* [SUPPLIED DATA]
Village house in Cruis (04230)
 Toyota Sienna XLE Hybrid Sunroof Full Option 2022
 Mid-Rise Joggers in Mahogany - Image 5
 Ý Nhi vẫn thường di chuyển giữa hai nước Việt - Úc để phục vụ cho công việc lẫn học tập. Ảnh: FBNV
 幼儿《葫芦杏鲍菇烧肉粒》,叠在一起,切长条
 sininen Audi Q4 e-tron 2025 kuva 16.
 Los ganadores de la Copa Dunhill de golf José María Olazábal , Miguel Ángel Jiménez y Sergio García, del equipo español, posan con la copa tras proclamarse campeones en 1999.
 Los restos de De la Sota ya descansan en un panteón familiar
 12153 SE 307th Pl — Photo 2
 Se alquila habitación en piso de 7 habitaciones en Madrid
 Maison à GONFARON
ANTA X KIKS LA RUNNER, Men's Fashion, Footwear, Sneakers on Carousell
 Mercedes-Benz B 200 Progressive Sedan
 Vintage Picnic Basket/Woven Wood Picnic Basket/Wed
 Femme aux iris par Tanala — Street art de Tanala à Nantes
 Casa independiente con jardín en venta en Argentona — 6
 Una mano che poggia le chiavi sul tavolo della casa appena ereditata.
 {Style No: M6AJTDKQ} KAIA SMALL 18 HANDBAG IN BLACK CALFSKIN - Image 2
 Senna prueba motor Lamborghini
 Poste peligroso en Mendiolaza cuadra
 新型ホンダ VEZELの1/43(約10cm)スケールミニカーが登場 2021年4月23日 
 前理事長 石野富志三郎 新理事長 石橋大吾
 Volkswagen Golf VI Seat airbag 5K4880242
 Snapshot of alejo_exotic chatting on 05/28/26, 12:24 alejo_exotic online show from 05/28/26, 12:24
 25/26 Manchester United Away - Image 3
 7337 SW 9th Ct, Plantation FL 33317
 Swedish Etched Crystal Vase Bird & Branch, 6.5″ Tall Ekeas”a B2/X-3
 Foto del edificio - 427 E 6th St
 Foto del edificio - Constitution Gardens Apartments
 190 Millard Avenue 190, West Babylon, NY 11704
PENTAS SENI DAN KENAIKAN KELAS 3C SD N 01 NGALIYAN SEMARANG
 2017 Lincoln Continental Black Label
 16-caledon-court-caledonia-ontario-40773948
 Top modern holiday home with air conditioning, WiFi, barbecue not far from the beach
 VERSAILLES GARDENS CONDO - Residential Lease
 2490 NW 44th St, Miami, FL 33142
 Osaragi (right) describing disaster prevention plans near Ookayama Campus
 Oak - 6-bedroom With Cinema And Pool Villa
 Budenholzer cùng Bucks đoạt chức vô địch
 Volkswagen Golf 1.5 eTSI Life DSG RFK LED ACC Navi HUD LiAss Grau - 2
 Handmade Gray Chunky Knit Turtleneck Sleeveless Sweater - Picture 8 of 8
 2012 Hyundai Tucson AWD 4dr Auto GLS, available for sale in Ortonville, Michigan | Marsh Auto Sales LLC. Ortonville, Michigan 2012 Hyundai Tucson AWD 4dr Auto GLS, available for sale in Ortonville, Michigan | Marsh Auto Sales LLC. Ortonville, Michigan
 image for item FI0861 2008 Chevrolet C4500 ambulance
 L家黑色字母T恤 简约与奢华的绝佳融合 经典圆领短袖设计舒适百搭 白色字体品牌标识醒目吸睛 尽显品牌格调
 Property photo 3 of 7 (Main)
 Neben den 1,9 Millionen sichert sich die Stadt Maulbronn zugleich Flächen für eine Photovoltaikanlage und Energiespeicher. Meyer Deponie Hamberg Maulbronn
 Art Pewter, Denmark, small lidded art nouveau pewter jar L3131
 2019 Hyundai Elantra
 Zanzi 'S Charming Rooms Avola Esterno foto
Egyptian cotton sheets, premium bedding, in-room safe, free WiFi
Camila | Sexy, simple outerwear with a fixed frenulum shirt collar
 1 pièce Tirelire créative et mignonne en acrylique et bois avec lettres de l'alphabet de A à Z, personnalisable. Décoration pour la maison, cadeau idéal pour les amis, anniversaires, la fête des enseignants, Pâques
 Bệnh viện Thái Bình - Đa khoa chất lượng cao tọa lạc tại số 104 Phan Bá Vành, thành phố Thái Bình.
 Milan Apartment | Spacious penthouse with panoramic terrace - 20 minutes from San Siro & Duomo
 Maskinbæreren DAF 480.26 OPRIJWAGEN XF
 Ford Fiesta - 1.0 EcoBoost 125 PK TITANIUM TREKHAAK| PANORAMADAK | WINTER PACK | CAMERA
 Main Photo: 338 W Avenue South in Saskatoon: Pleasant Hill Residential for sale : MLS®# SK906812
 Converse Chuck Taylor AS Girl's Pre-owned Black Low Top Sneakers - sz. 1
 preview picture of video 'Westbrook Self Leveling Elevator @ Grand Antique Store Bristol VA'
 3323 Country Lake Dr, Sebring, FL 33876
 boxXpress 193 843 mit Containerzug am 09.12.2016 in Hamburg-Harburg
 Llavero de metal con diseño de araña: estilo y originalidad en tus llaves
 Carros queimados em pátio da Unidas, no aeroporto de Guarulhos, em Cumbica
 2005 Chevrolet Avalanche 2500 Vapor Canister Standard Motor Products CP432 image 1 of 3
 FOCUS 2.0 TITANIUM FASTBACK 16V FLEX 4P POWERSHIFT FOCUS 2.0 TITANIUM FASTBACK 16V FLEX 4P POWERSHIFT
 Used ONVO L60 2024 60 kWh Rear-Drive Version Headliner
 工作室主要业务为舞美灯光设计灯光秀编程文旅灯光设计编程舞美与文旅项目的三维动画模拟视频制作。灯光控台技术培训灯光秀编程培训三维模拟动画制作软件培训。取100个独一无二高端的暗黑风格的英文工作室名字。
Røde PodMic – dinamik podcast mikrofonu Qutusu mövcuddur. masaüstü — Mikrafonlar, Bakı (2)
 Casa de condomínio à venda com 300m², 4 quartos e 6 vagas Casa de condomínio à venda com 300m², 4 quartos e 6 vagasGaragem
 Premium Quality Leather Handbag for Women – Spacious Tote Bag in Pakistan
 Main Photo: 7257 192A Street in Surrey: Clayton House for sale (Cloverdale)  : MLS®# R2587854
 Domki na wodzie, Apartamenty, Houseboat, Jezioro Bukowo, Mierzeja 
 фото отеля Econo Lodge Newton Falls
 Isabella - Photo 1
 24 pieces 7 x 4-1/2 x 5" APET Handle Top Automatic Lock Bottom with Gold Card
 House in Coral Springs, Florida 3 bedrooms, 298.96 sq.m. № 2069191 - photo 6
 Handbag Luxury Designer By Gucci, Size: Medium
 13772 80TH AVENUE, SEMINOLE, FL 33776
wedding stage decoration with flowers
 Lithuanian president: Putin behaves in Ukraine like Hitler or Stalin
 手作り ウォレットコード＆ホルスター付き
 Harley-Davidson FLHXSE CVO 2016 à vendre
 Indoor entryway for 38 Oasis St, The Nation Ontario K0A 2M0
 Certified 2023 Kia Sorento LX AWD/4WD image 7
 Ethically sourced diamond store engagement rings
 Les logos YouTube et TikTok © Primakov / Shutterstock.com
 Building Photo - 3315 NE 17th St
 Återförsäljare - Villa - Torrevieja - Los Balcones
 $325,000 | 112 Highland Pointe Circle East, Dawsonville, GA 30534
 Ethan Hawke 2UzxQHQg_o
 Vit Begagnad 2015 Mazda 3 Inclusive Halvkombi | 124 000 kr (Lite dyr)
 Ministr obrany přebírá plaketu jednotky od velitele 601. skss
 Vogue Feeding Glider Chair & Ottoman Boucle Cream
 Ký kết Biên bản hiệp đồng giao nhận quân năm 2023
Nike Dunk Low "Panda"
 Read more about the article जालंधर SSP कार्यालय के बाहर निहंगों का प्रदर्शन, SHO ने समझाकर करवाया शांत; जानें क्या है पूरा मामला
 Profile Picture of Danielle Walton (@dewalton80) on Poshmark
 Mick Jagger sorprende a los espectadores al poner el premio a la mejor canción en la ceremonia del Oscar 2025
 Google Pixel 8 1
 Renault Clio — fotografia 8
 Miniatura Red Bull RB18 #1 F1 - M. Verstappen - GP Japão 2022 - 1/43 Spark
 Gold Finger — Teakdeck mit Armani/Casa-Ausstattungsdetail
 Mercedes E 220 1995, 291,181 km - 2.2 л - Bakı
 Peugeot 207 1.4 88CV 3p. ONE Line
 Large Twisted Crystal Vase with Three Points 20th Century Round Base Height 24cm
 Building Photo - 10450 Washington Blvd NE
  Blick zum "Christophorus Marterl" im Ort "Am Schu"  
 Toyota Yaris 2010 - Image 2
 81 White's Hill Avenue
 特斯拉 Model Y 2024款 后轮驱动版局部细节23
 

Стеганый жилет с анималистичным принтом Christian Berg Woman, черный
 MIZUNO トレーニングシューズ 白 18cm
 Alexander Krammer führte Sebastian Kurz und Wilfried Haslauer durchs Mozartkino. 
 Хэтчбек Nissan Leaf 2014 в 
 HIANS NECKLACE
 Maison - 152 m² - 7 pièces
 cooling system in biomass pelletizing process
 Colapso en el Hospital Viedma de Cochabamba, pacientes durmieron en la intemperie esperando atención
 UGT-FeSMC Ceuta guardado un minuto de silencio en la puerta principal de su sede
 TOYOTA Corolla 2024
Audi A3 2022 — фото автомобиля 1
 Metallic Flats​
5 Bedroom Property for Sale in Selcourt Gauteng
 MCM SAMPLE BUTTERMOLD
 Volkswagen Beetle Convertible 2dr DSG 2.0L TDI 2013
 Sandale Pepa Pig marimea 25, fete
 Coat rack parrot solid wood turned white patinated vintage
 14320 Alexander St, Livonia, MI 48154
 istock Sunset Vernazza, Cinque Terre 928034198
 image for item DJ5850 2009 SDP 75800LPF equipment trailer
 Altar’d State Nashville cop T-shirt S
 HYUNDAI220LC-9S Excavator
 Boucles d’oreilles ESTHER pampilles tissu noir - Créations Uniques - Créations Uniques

* [PROBLEM DETAILS]
Count the lines in the material containing the string "shirt", and state the number with nothing added.

* [OUTPUT BELOW]
2